Nel movimento più carismatico di tutti, scaturito da un’ondata di anti-politica senza paragoni, si affermerebbe un processo di selezione del leader squisitamente politico.

Se fosse vera anche solo metà delle chiacchiere che si fanno su Luigi Di Maio, e che lo danno lanciato come candidato premier del Movimento Cinque Stelle alle prossime elezioni, ci troveremmo di fronte a un fatto nuovo della nostra vita democratica, a una sua maturazione. Nel movimento più carismatico di tutti, sorto come d’incanto intorno alla verve oratoria di un comico, nel pieno di un’ondata anti-politica senza paragoni in Europa, si affermerebbe infatti un processo di selezione e di formazione della classe dirigente squisitamente politico.
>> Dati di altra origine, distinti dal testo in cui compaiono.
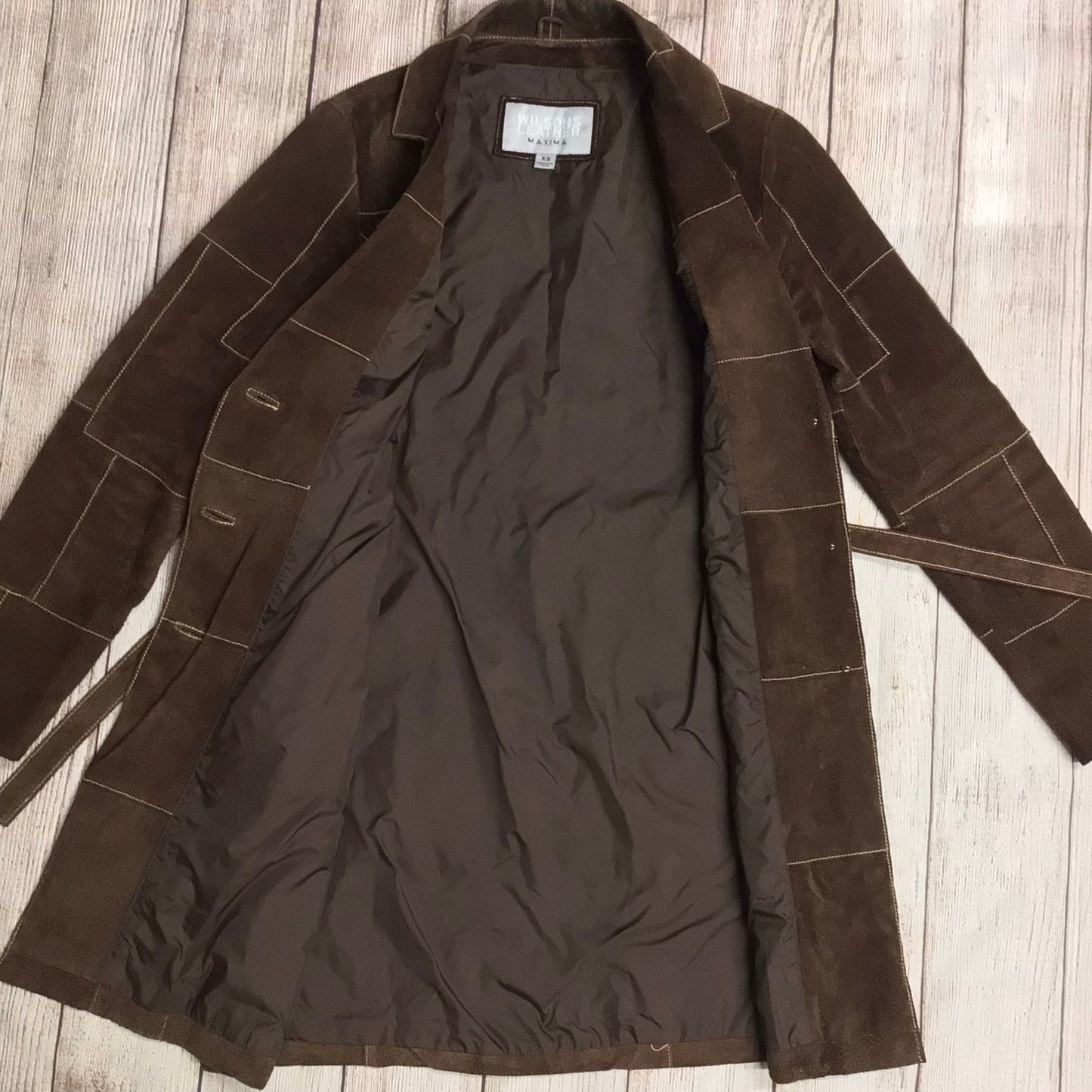 Wilson's Leather Maxima Brown Suede Patch Trench Coat w/Belt Size XS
E nel senso buono: basato cioè sulle competenze e sulla capacità di creare consenso, non sulla lotta tra correnti e i lunghi coltelli delle preferenze.

Di Maio ha l’aria di un bravo ragazzo, con i capelli più corti e gli occhi meno indemoniati di un Grillo o di un Casaleggio; eppure sembra al contempo capace di garantire anche l’elettorato tradizionale grillino, col sostegno del fondatore. Ma anche se a prevalere fosse un altro dei tre cavalli di razza del M5S, ci troveremmo ugualmente davanti a una svolta. P er chiunque di loro la promozione a leader e portabandiera sarebbe infatti un premio assegnato alla attività parlamentare: dunque un sigillo al processo di transizione da un movimento gravido di pulsioni anti-parlamentari, e perfino sfiorato da qualche tentazione extraparlamentare, a una forza politica certamente originale e anomala, ma pienamente inserita nel gioco della democrazia rappresentativa.
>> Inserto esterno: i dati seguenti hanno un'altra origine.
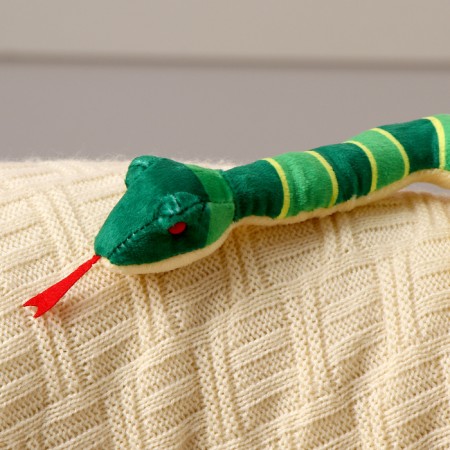 Soft toy "Snake", striped, 39 cm, green color-1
Non è cosa da poco, trattandosi di un polo che attrae tuttora un quarto degli elettori italiani, e che ha dimostrato nel tempo di non essere un fuoco di paglia, radicandosi in maniera perfino sorprendente nelle abitudini di voto degli italiani. Il che vuol dire che interpreta un’esigenza e riempie un vuoto non colmato anche nell’epoca di Renzi (e la leggina con cui i partiti si sono appena condonati i bilanci spiega bene di che natura sia). A livello del governo locale poi, dove non sono impacciati dal peso di proposte economiche ancora un po’ naïf, i grillini possono contare su una immagine di forza moralizzatrice, da guardian angels della cosa pubblica, che li rende elettoralmente competitivi anche a prescindere da Grillo (la ragione per cui non si vota subito a Roma, o in Sicilia, è proprio la concreta probabilità di vittoria dei Cinque Stelle).
Il Movimento ha insomma bisogno di compiere il salto di qualità di una leadership per così dire laica, e credibile. Ma non basta mettersi la cravatta e buttare le scie chimiche: perché funzioni questa operazione deve essere vera, sincera. Di Maio, o chi per lui verrà scelto per correre alle prossime elezioni, non può essere un puro prestanome, al quale è impedito in partenza di introdurre le necessarie innovazioni. La prima delle quali, condizione indispensabile per fare davvero politica, è la possibilità di stringere alleanze senza dannarsi l’anima, per strappare così risultati concreti. È questa infatti l’essenza stessa della democrazia parlamentare: nella quale uno vale uno, ma non vale niente finché non conquista una maggioranza.